Da Ruzzle a Candy Crush, da Second Life a Bitstrips, le mode si sviluppano, dilagano e passano anche nell’ambiente virtuale. Alcuni fenomeni restano, tanti sono meteore di cui non ci ricordiamo già più
di Elena Moriondo
Come la moda nell’abbigliamento, per cui in una stagione ci si veste di blu e in quella successiva di verde, anche le mode digitali si diffondono e si dimenticano altrettanto facilmente.

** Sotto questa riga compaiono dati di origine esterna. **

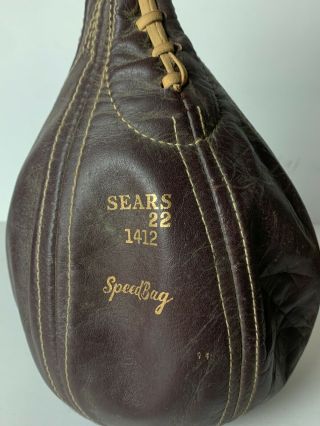 Vintage Speed Bag Sears 1412 Leather / 1940s Rare Boxing Boxer Gym Decor 2
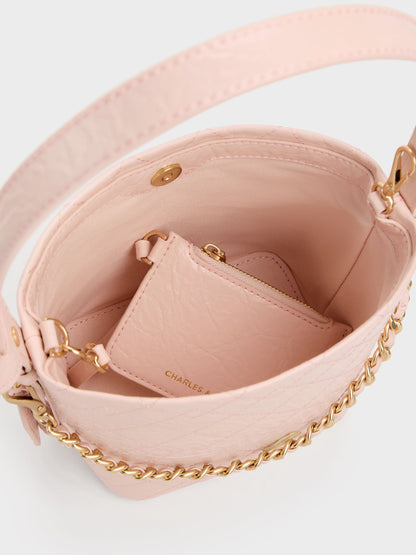 Duo Quilted Chain Bucket Bag - Soft Pink | CHARLES & KEITH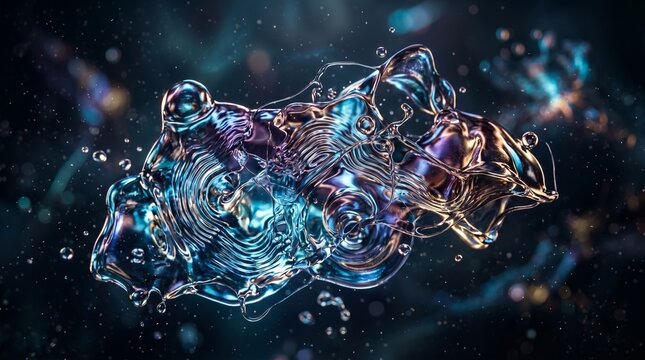 Ultra detailed liquid landscape with crystal clear folds, dynamic motion textures and radiant surface reflections in sharp focus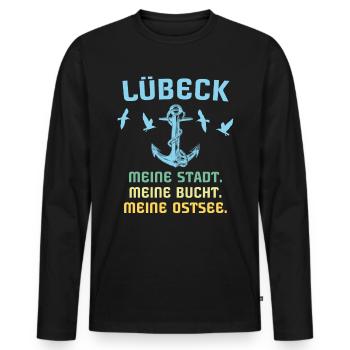 Lübeck Sprüche Hansestadt Luebeck - Männer Premium Bio Langarmshirt - Schwarz - Vorne - Nico (187cm)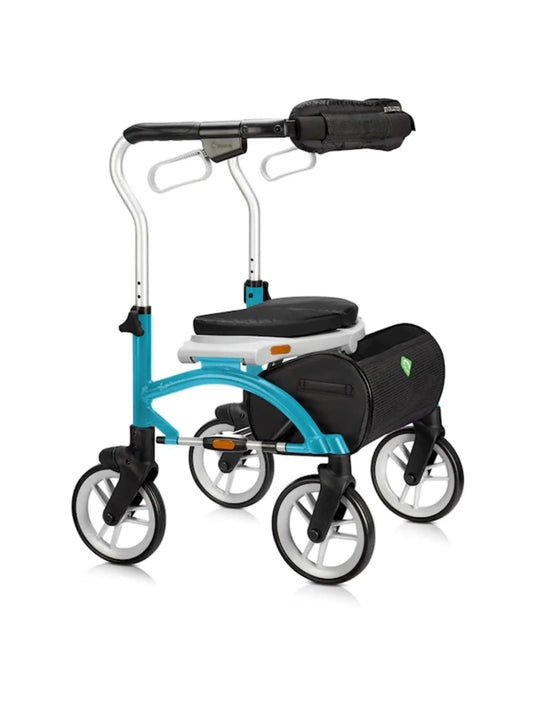 Azure Blue Evolution Xpresso Lite CF rollator with a waterproof padded seat.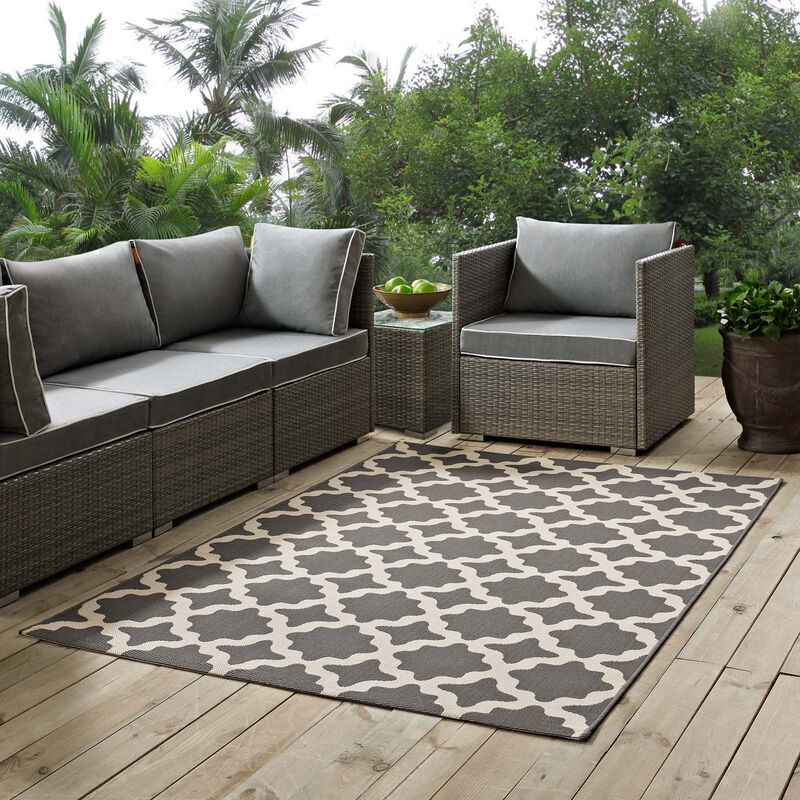 Cerelia Moroccan Trellis 5x8 Indoor and Outdoor Area Rug - Gray and Beige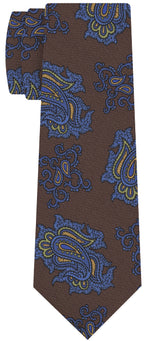{[en]:Blue, Brown & Olive Green on Chocolate Macclesfield Print Pattern Silk Tie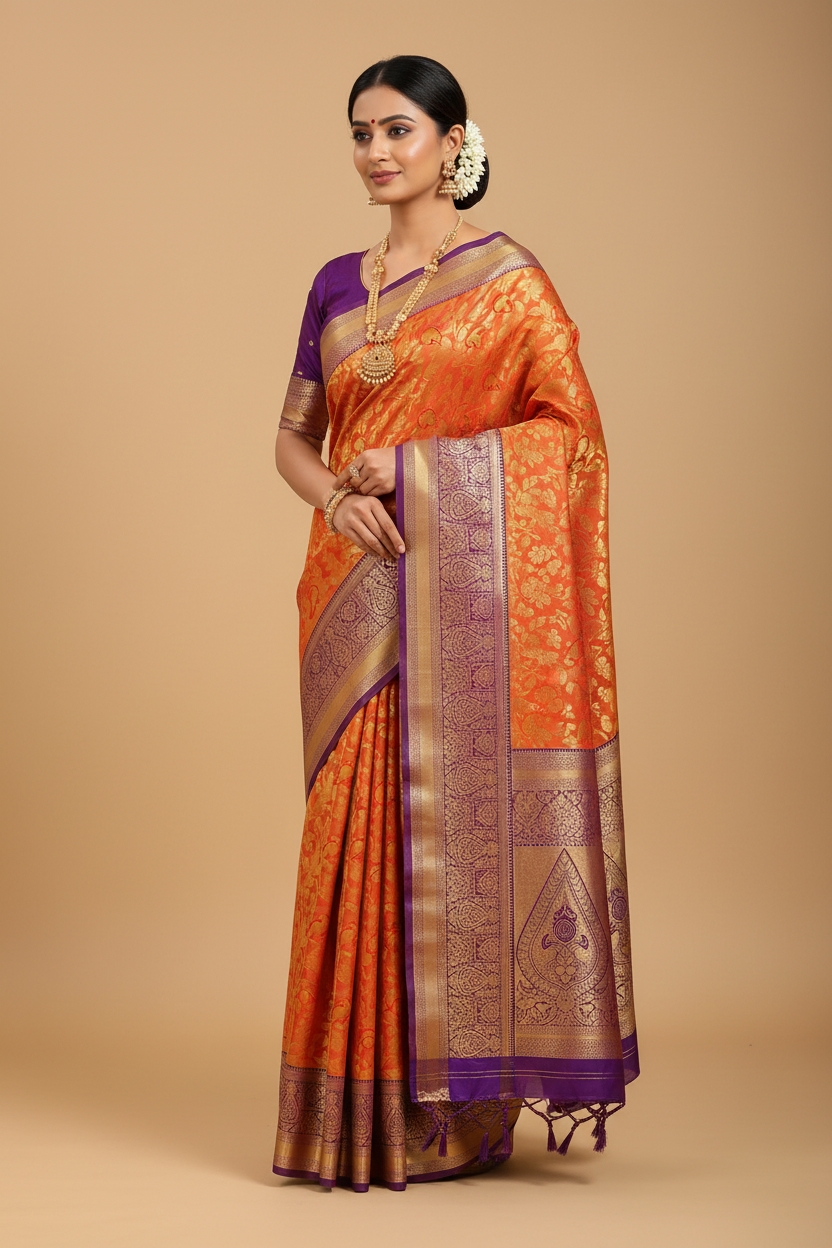 Model wearing orange Kanjivaram saree
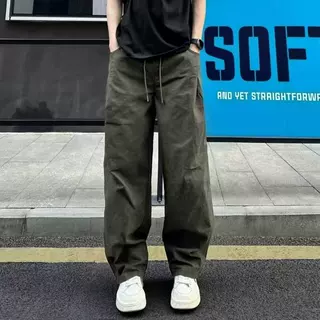 2026春秋季复古纯色褶皱设计高质量新款男装百搭时尚直筒休闲长裤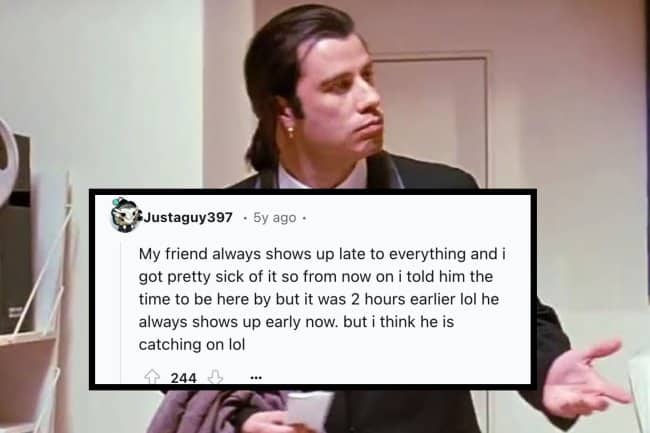 Reddit post featuring a confused John Travolta meme about tricking a late friend.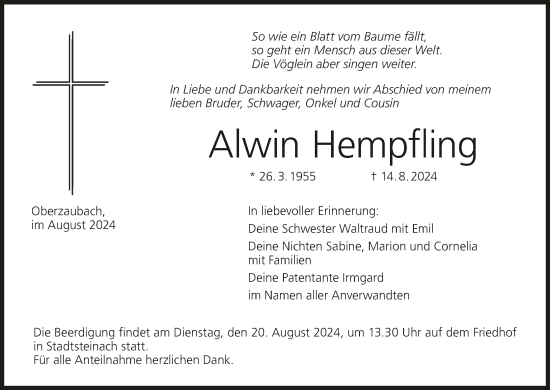 Anzeige von Alwin Hempfling von MGO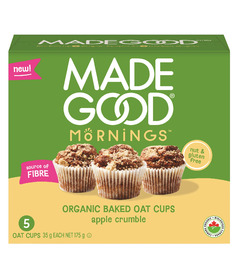 image of MadeGood Mornings Organic Baked Oat Cups Apple Crumble with sku:329834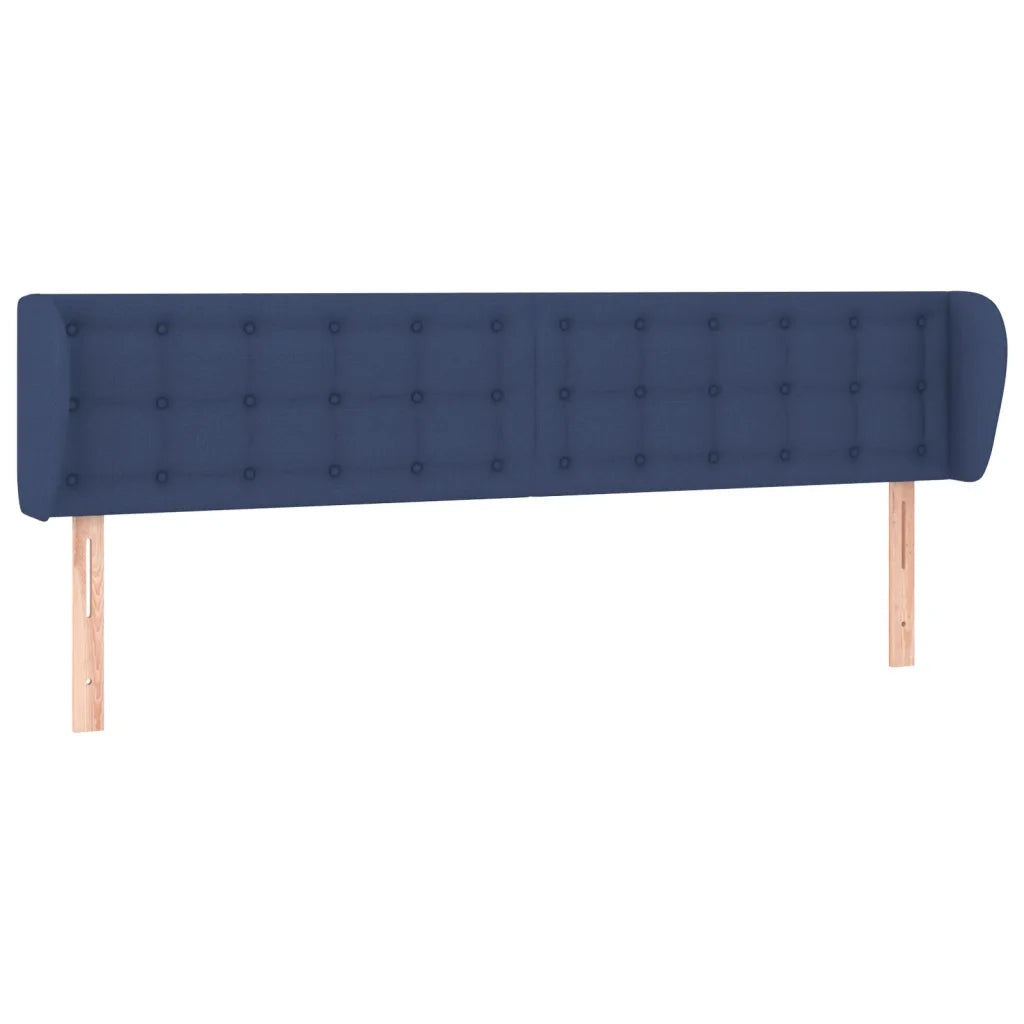 Testiera | Testata ad Orecchio Blu 203x23x78/88cm in Tessuto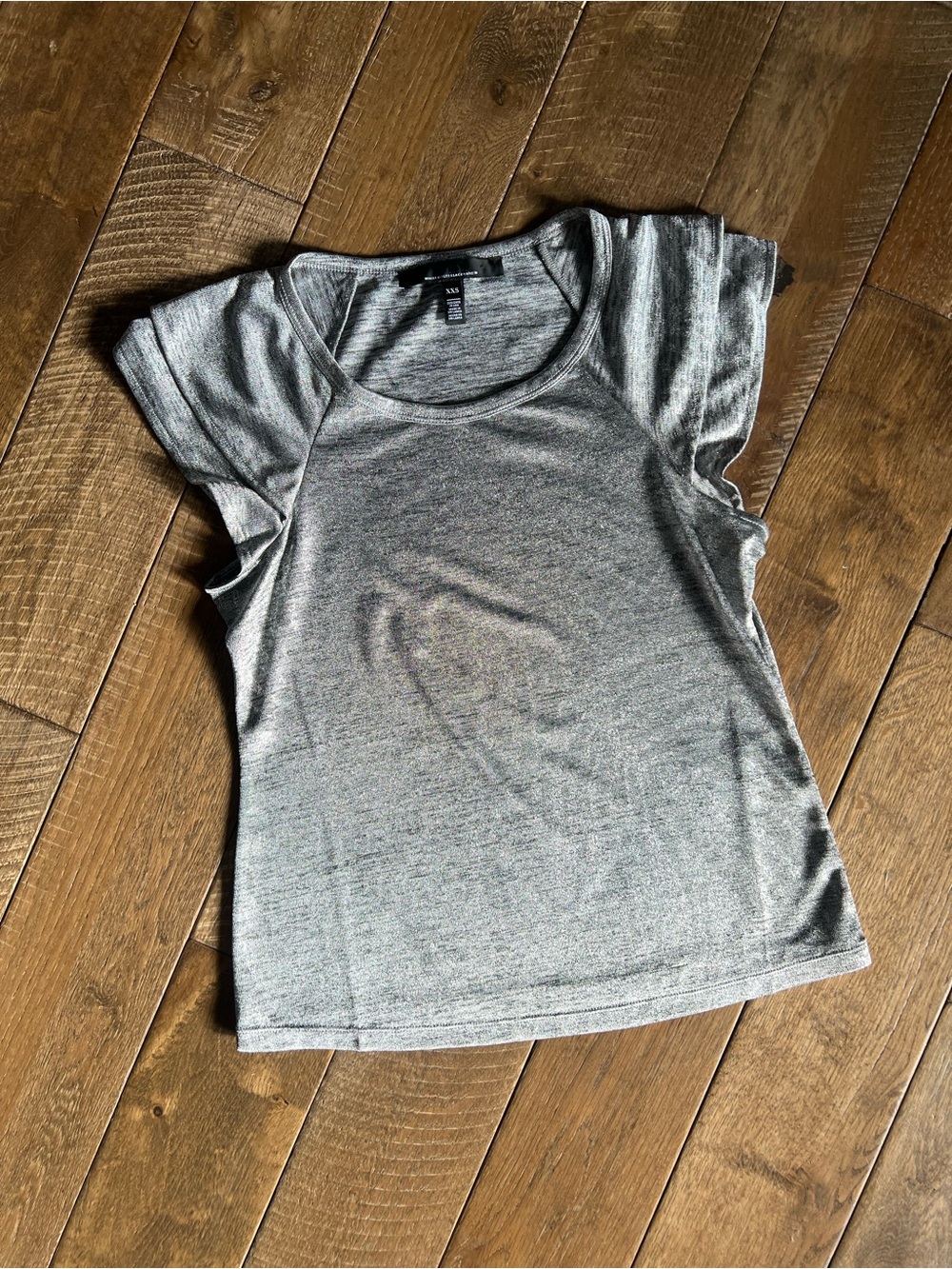 White House Black Market Silver Shimmer Top with Scalloped Sleeves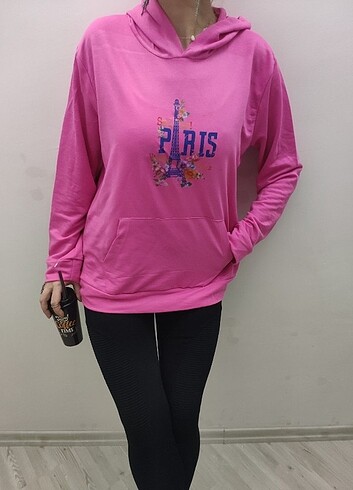 l Beden pembe Renk Oversize kesim sweatshirt 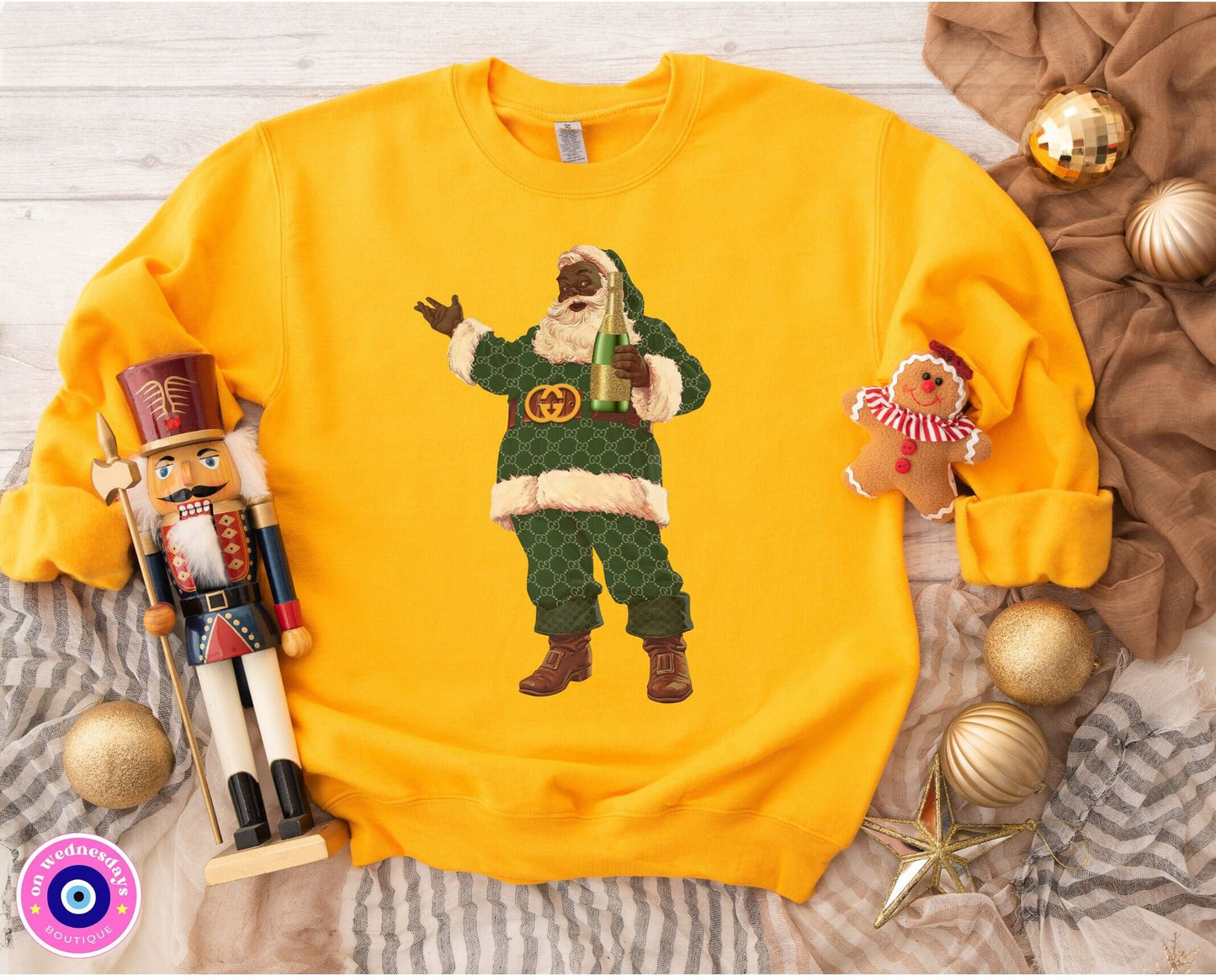 Black Santa Sweatshirt, Designer Santa Shirt, Christmas Sweater For Women, Santa Sweatshirt, African American Santa Shirt, Gift For Her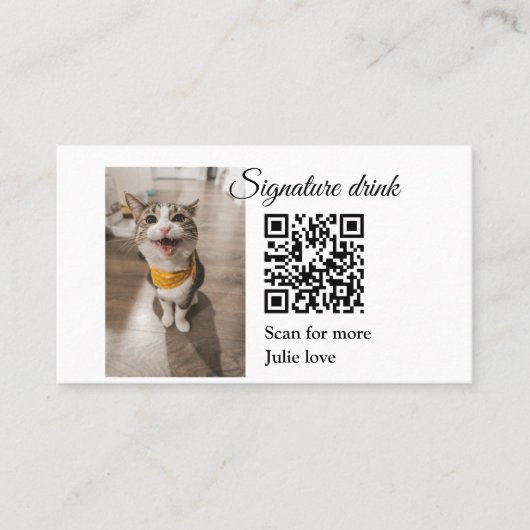 Handtekening drink scan QR-code voeg foto naam toe Visitekaartje (Voorkant)
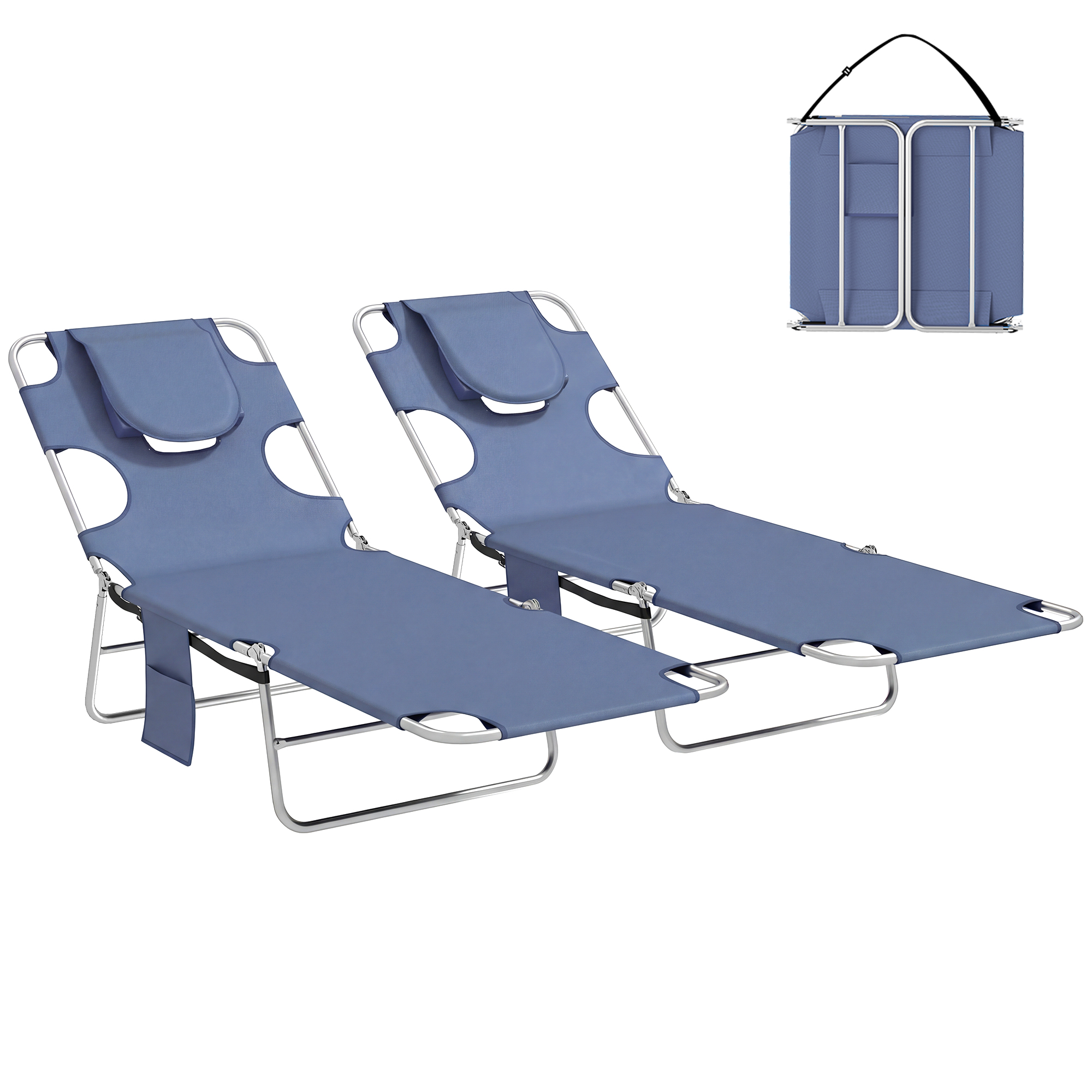 5-Position Adjustable Sun Loungers Set of 2 with Reading Hole and Side Pocket, Black (Drop Shipping Only, Not for Amazon)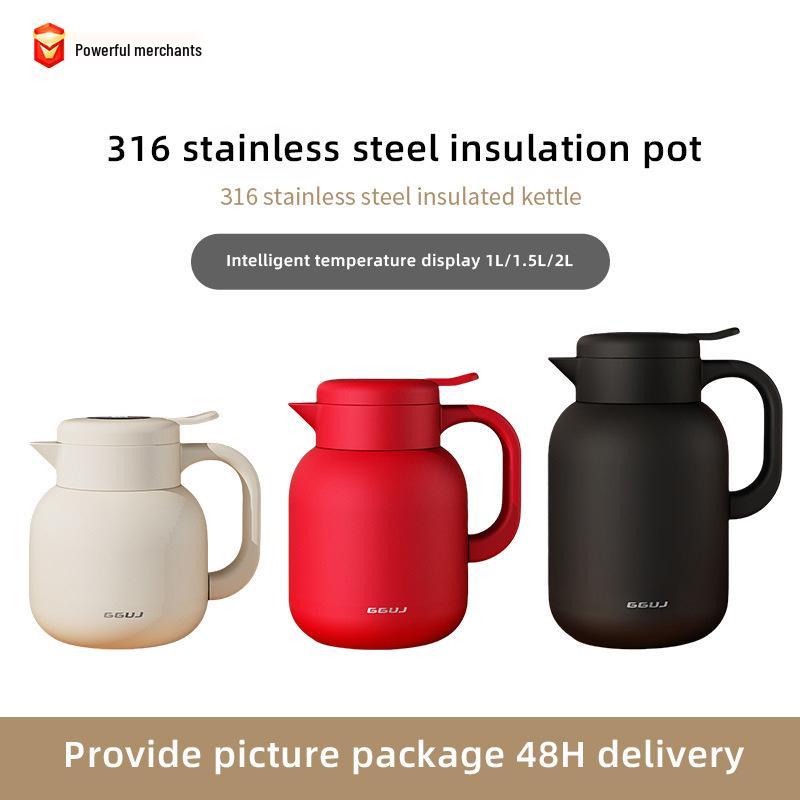 316 Stainless Steel Insulated Water Bottle with Tea Separator, Large Capacity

C’era una volta un rompicapo
Circa un anno fa non si faceva altro che giocare a Ruzzle, il gioco su dispositivo mobile creato da Mag interactive nel quale il giocatore deve comporre il maggior numero di parole possibile con un dato insieme di lettere. In ogni angolo di strada, su ogni sedile dei mezzi di trasporto e in ogni casa erano in atto agguerrite sfide all’ultima lettera per proclamarsi campioni di Ruzzle; l’applicazione ha raggiunto quasi 10 milioni di utenti. Ora, per la maggior parte delle persone, il rompicapo giace dimenticato in qualche remota schermata dello smartphone.
Caramelle in rete
Le statistiche parlano di oltre 500 miliardi di download nel mondo (e non mi sembra così strano dal momento che io l’ho scaricato su due diversi device), di cui 100 milioni su Facebook. Il segreto del gioco, ideato dall’italiano di nascita ma londinese d’adozione Riccardo Zacconi, sembra essere la forte dipendenza che crea, con i suoi ben 550 livelli.
La diffusione della moda
I giochi, anche quelli virtuali, si diffondono sulla base di meccanismi sociali, per cui l’interesse aumenta in modo direttamente proporzionale al numero di persone che sono coinvolte nell’attività ludica. Il gioco diventa così un argomento di discussione tra amici o un’occasione per ostentare la propria abilità. Queste dinamiche vengono accentuate se i social network le alimentano, ad esempio diventando un’arena in cui confrontarsi all’interno del cerchio delle proprie amicizie.
Il ricambio delle attività ludiche da social network è però piuttosto dinamico: chi si ricorda Pet Society, il gioco simil-tamagotchi in cui bisognava prendersi cura di un animaletto virtuale e della sua casa, sono ancora meno di quelli che si sono messi nei panni del fattore di Farmville, seminando e raccogliendo fragole e carote.
La meteora Second Life
Uscendo dal mondo squisitamente “game”, questo tipo di dinamiche si estende a tutte le attività di intrattenimento online. Si pensi ad esempio alla meteora di Second Life, il mondo virtuale che sembrava essere la rivoluzione all’inizio degli anni 2000. Per dare prova del senso della propria esistenza era irrinunciabile crearsi un avatar in questa realtà parallela, tanto che – tanto per fare un esempio – Irene Grandi vi girò il video della sua hit “Bruci la città”. (https://youtu.be/1LHcmruxLAk)
Ora la piattaforma della californiana Linden Lab è ancora attiva, ma chi ne sente più parlare?
L’attenzione per la vita sociale on line da qualche anno è totalmente catalizzata da Facebook, il social network per eccellenza che conta più di un miliardo di utenti al mondo (sui 2,4 totali, stima di Royal Pingdom, 2013) e circa 24 milioni di utenti registrati in Italia (quasi la totalità dei 27,5 milioni di utenti attivi stimati da Audiweb).
Bitstrips: l’ultima tendenza
La società di Toronto, fondata già nel 2007, ha recentemente lanciato le applicazioni Facebook e mobile, mossa strategica che ha permesso di attivare molto rapidamente circa 30 milioni di utenti nel mondo basandosi sull’idea di rendere la comunicazione online più espressiva e aggiungervi parte della ricchezza della comunicazione offline. In poche parole, l’utente crea il suo avatar a sua immagine e somiglianza, cerca una scenetta tra quelle proposte, riempie i fumetti e condivide la vignetta come preferisce.
Un passatempo molto divertente, almeno fino a quando sarà di moda.